The most popular matching based method is the propensity score matching [1]. It uses an estimatand of the true
propensity score to match the data. Hence observations with closest propensity scores will be matched.

There is a typical workflow that a causal study should follow. We will present it in this notebook based on the
package:
https://github.com/laurencium/causalinference
and with summary of workflow:
https://laurencewong.com/software/conclusion

### Loading the data

We load synthetic data using uberml package for making causal inference.
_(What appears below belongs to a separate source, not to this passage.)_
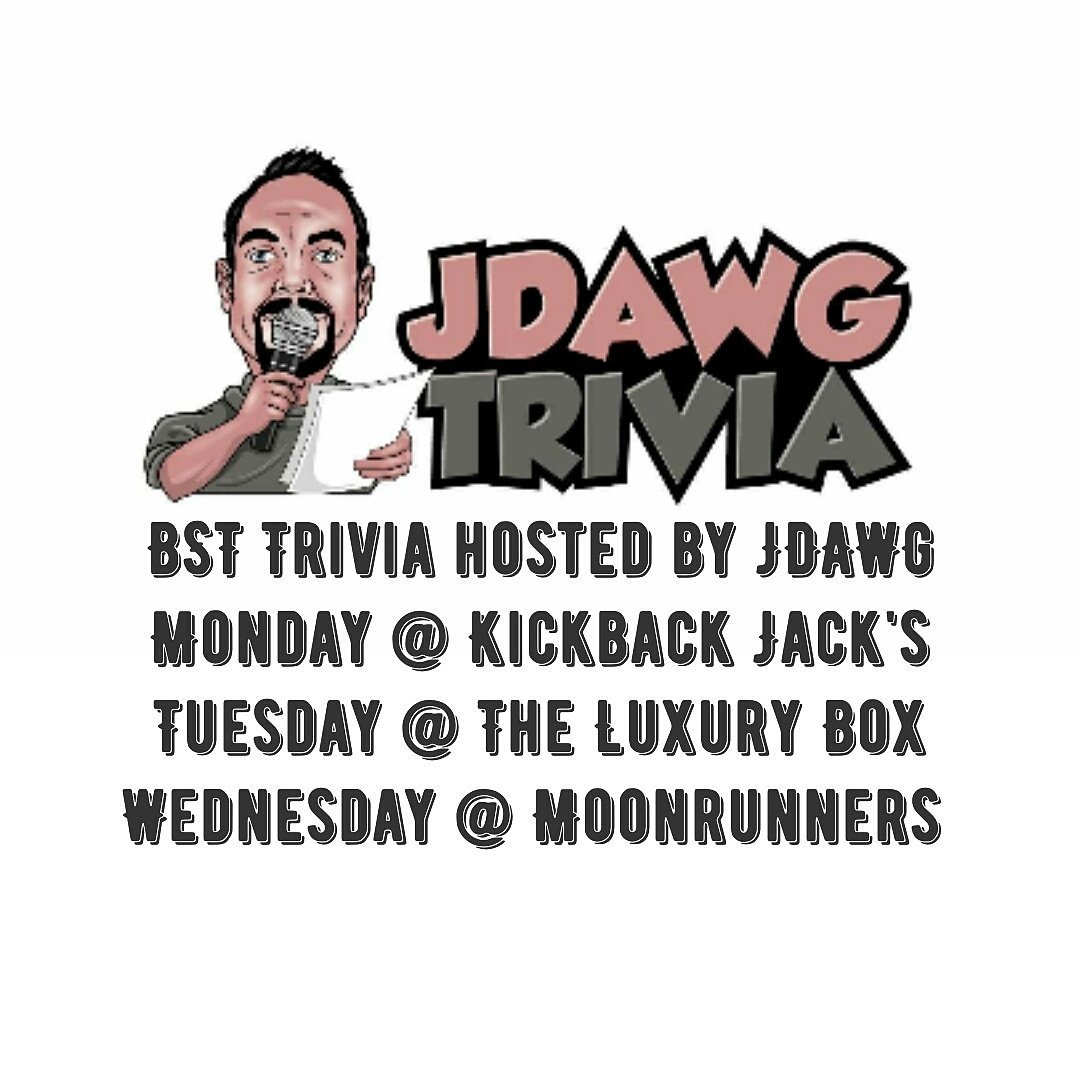 JDawg Trivia (@jdawg_trivia) on Twitter photo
We can choose from five different scenarios
to generate the data:
1. difficult nuisance components and an easy treatment effect;
2. a randomized trial; 3 an easy propensity and a difficult baseline;
4. unrelated treatment and control groups;
5. a hidden confounder biasing treatment.

In [None]:
import numpy as np
import pandas as pd

from sklearn.model_selection import train_test_split
from causalml.dataset import synthetic_data

y, X, treatment, true_ite, expected_outcome, true_propensity = synthetic_data(mode=1, n=1000, p=10, sigma=1.0)

# As the mean propensity doesn't say lot it would be nice to plot the true propensity to see the overlap between
# control and treated.
# It should be done like: http://ethen8181.github.io/machine-learning/ab_tests/causal_inference/matching.html


def calculate_ate(ite):
    return ite.mean().round(2), ite.std().round(2)

def calculate_propensity(propensity):
    return propensity.mean().round(2), propensity.std().round(2)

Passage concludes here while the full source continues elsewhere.